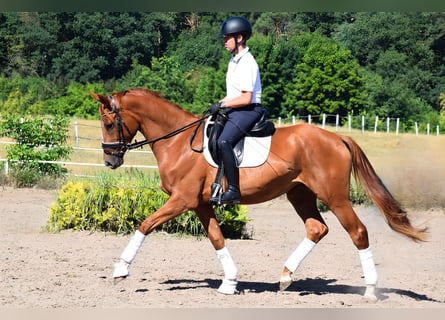 Cheval de sport allemand, Jument, 4 Ans, 170 cm, Alezan
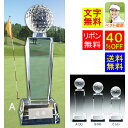 ゴルフ トロフィー 文字無料 送料無料 ガラストロフィー 高さ250mm 表彰・優勝・最優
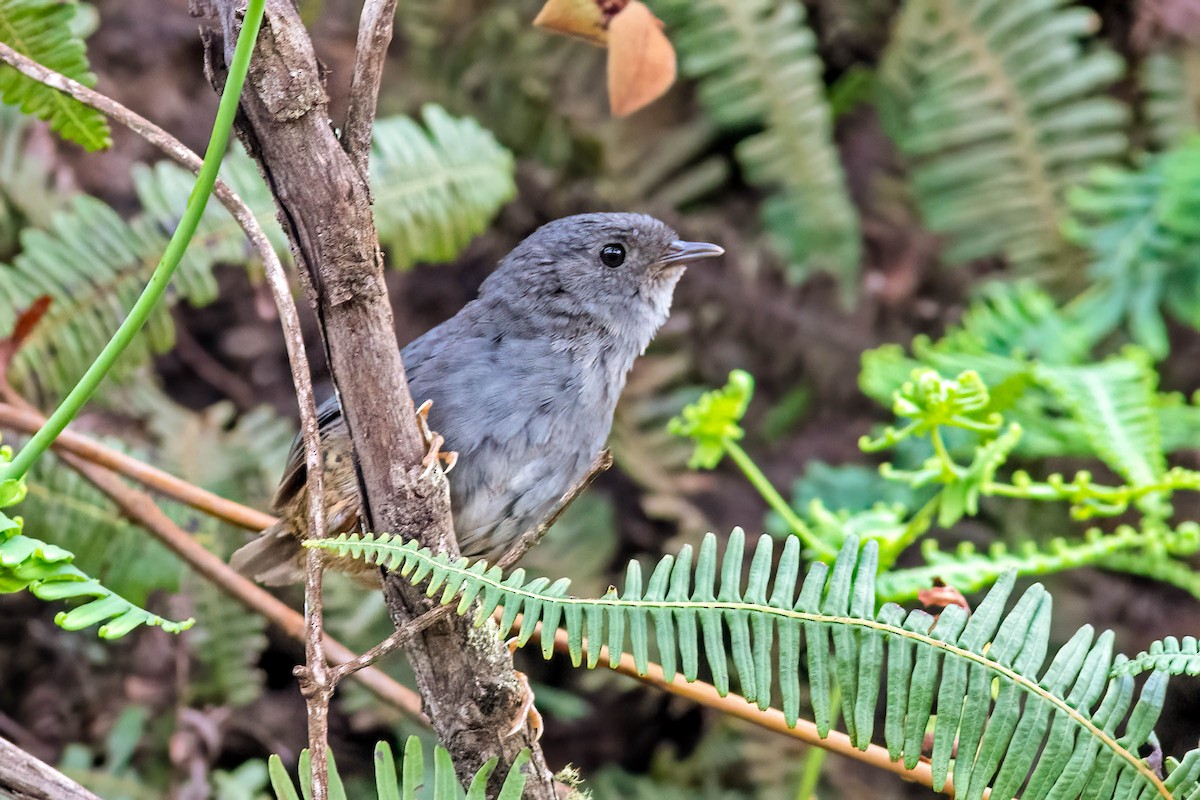 Rock Tapaculo - ML640717618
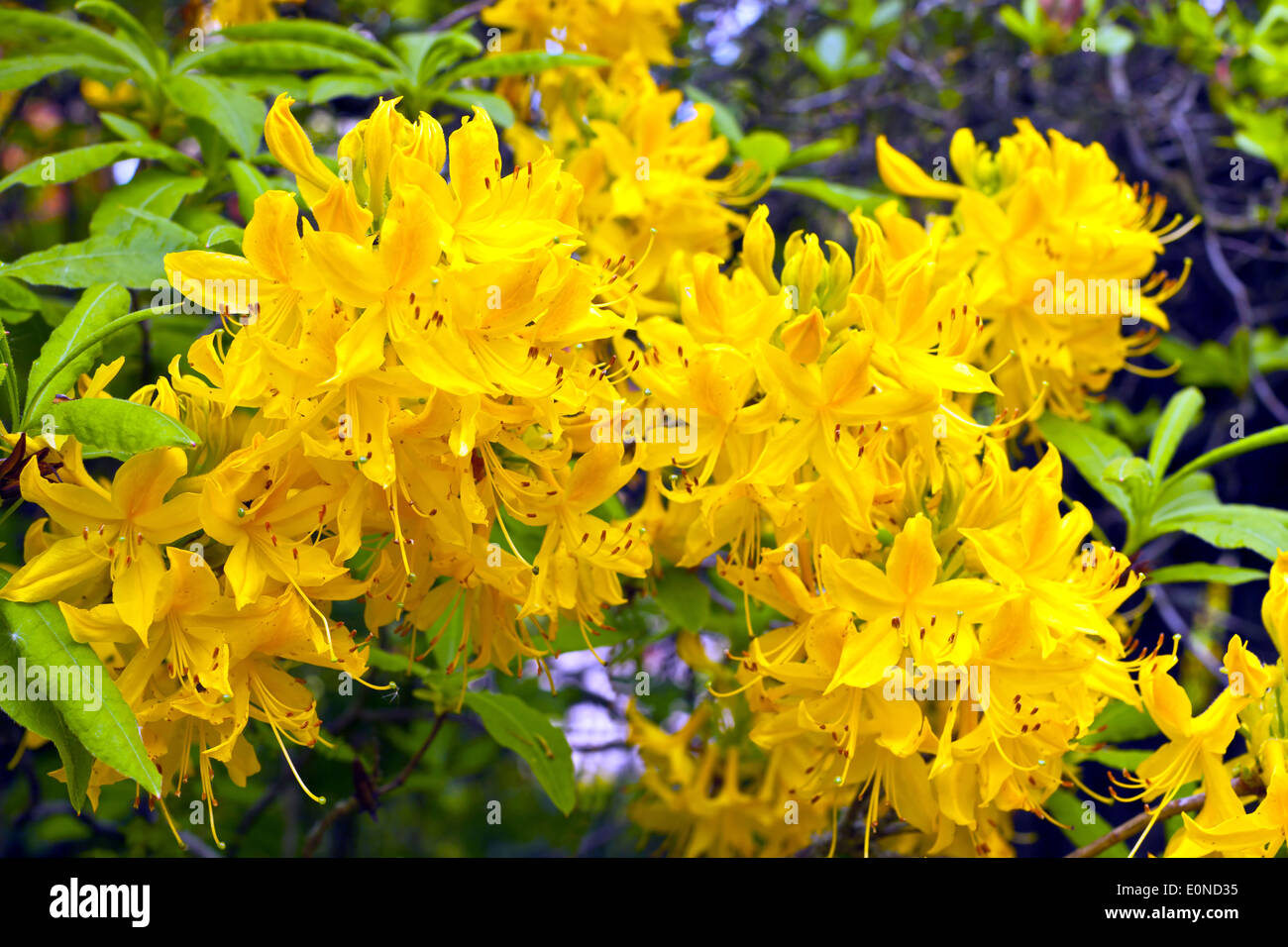 Golden yellow azalea (Deciduous Azalea luteum) in an English garden. Stock Photo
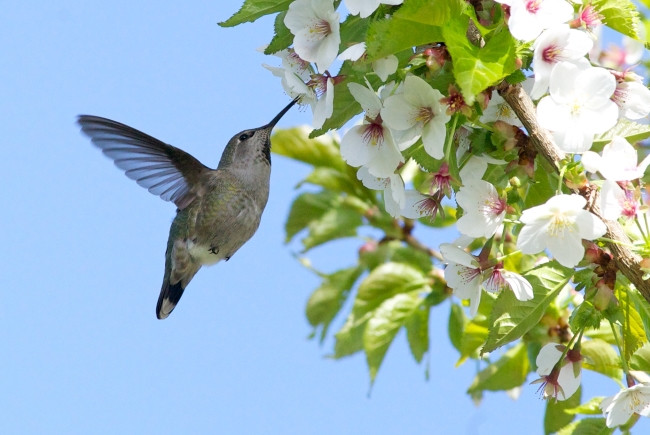Vancity Buzz - Hummingbird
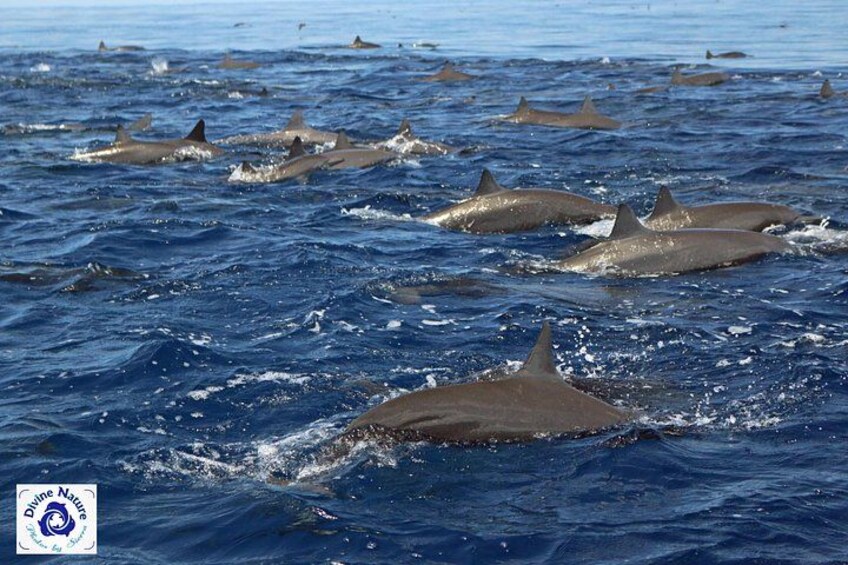 A sea of Spinner Dolphins 4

------------

[Description of the task]
Only the lines from the one containing "Rock Tapaculo - ML640717618" through the end of the records should be copied, exactly and with both ends included; the pictures should not.

[Your response]
 Rock Tapaculo - ML640717618
 Golden yellow azalea (Deciduous Azalea luteum) in an English garden. Stock Photo
Vancity Buzz - Hummingbird
 A sea of Spinner Dolphins 4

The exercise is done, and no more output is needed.